(Stored data entries)
◇ ◇ ◇

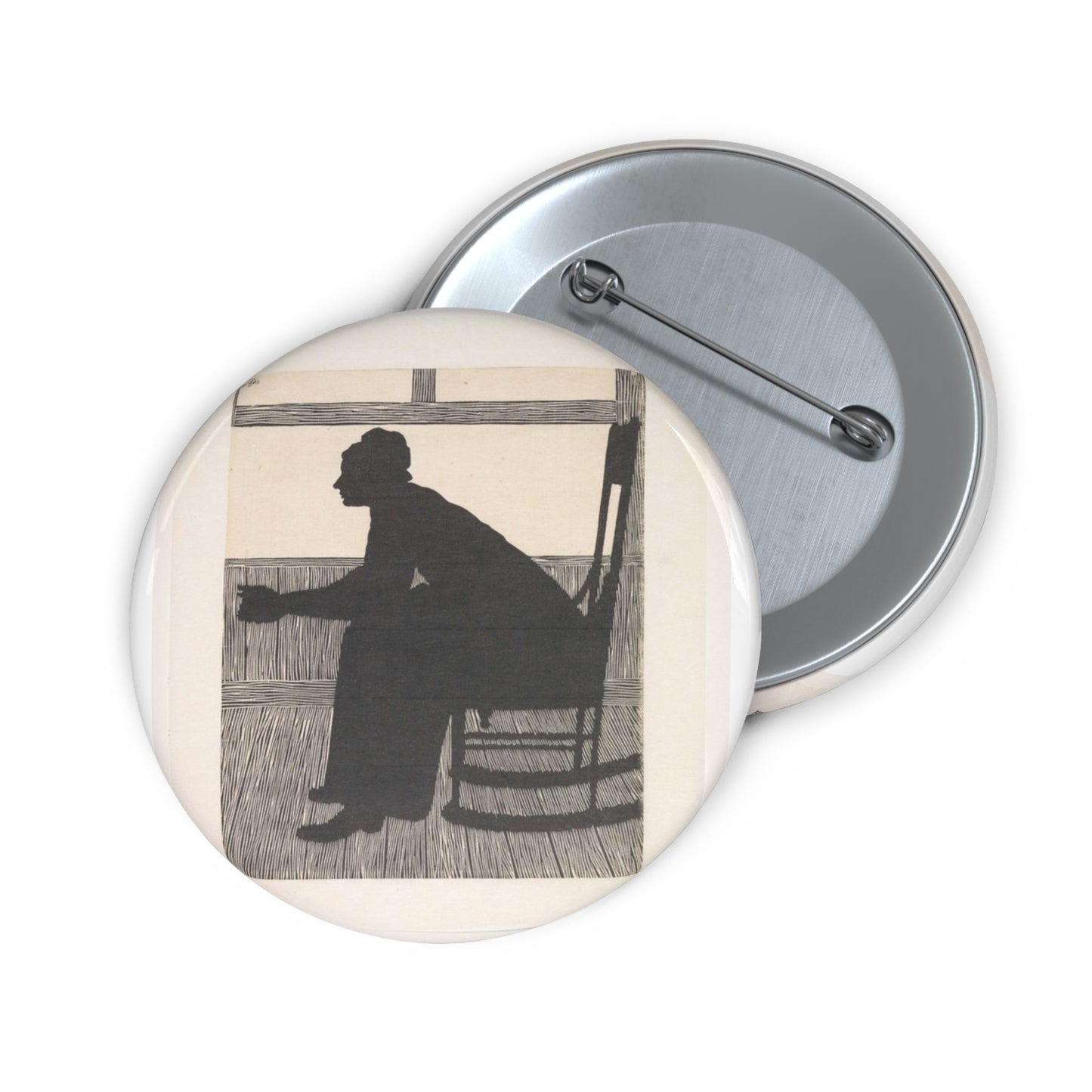 Samuel Jessurun de Mesquita - Silhouet (Vrouw in schommelstoel) Pin Buttons with Crisp Design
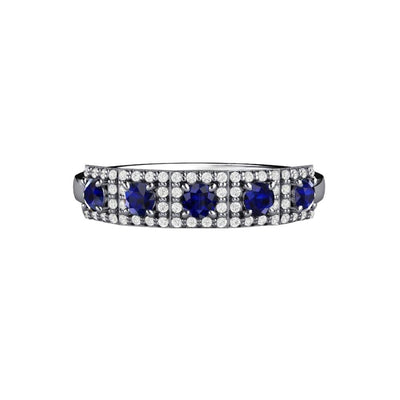 A unique Art Deco syle Blue Sapphire and Diamond band or wedding ring.  Round Blue Sapphires are surrounded with diamonds in a square shaped design in 14K, 18K or Platinum.  September birthstone.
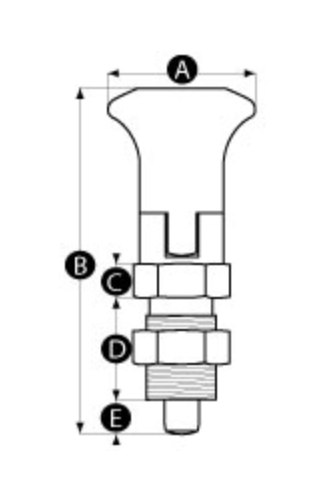 Index Plunger with rest, stainless steel, H = 51 mm, with locking nut 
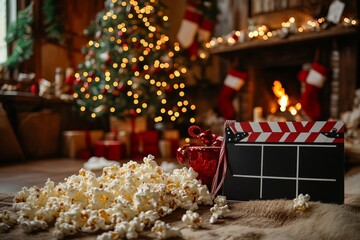Cozy Christmas scene with a tree, popcorn, and a film clapperboard on a festive setting.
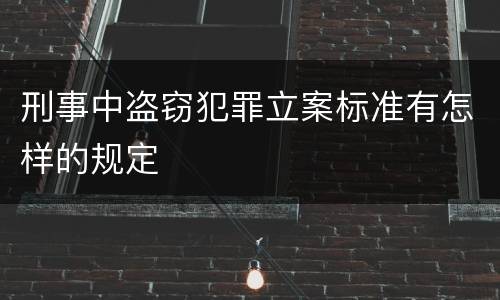 刑事中盗窃犯罪立案标准有怎样的规定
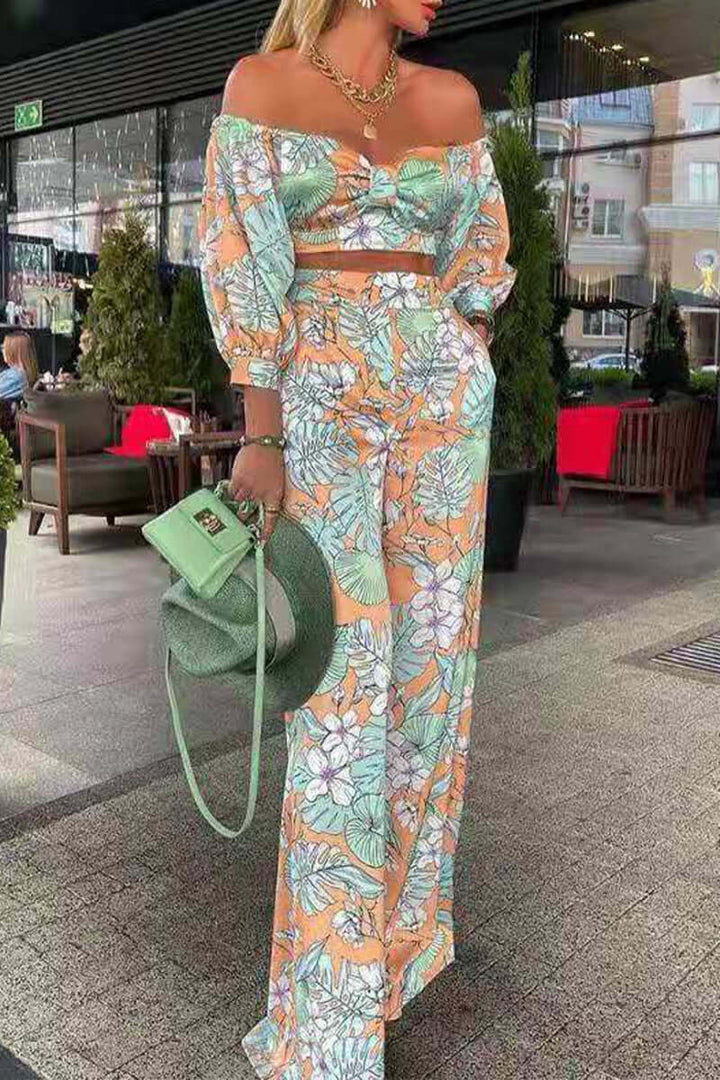 Floral Off-Shoulder Top & Wide Leg Pants Set - Women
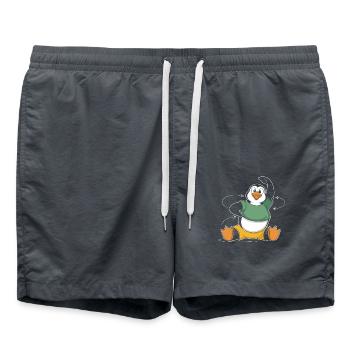 Fitness Gymnastics Penguin Motivation - Swim Trunks - anthracite - Front - AI Model Male 185 light (185cm)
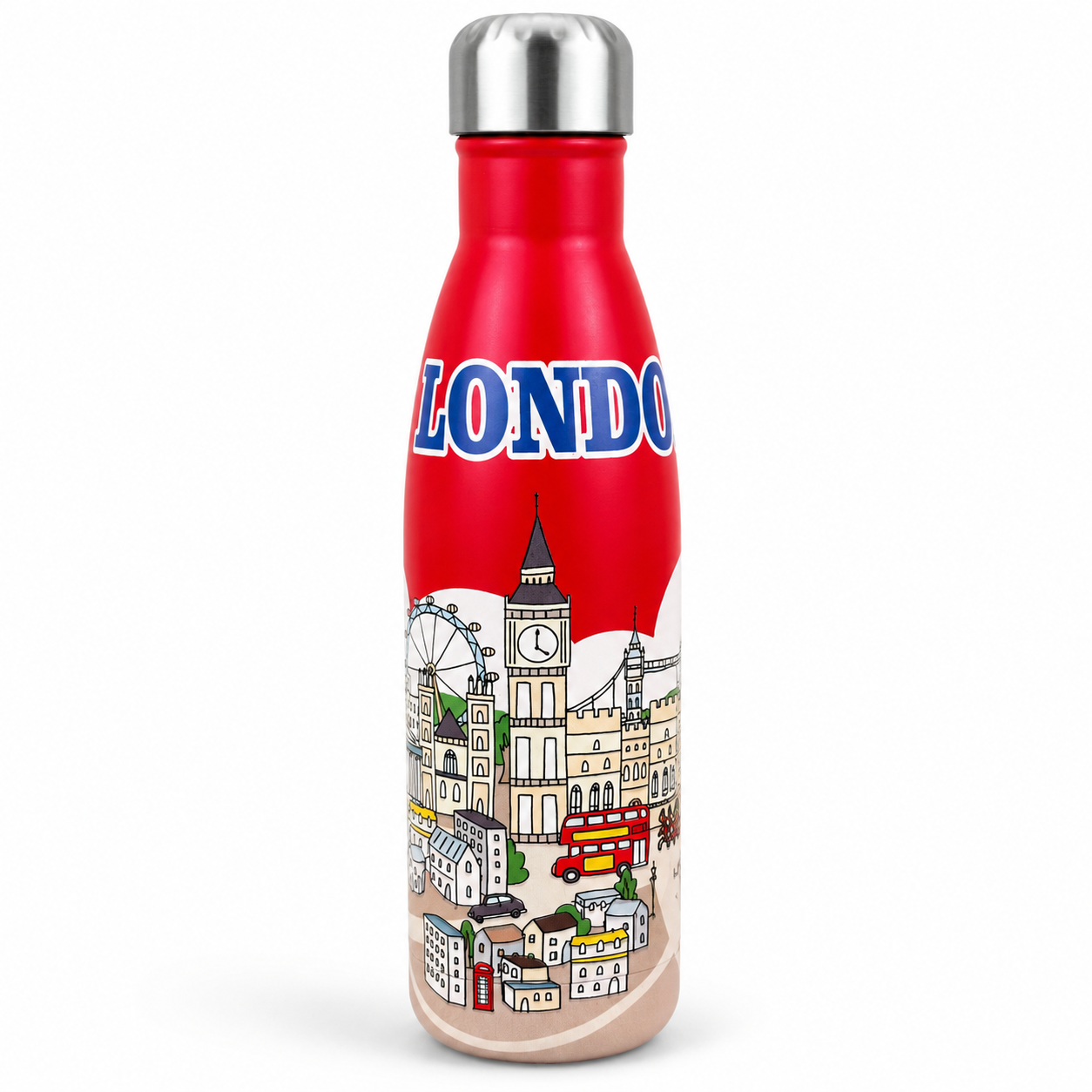 Red water bottle with London-themed design on a white background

◇ ◇ ◇

### Action item:
With all pictures excluded, output exactly the lines from the one containing "Cozy Christmas scene" through the final line of the entries, inclusive.

### Solution:
Cozy Christmas scene with a tree, popcorn, and a film clapperboard on a festive setting.
 刑事中盗窃犯罪立案标准有怎样的规定
 Floral Off-Shoulder Top & Wide Leg Pants Set - Women
 Fitness Gymnastics Penguin Motivation - Swim Trunks - anthracite - Front - AI Model Male 185 light (185cm)
 Red water bottle with London-themed design on a white background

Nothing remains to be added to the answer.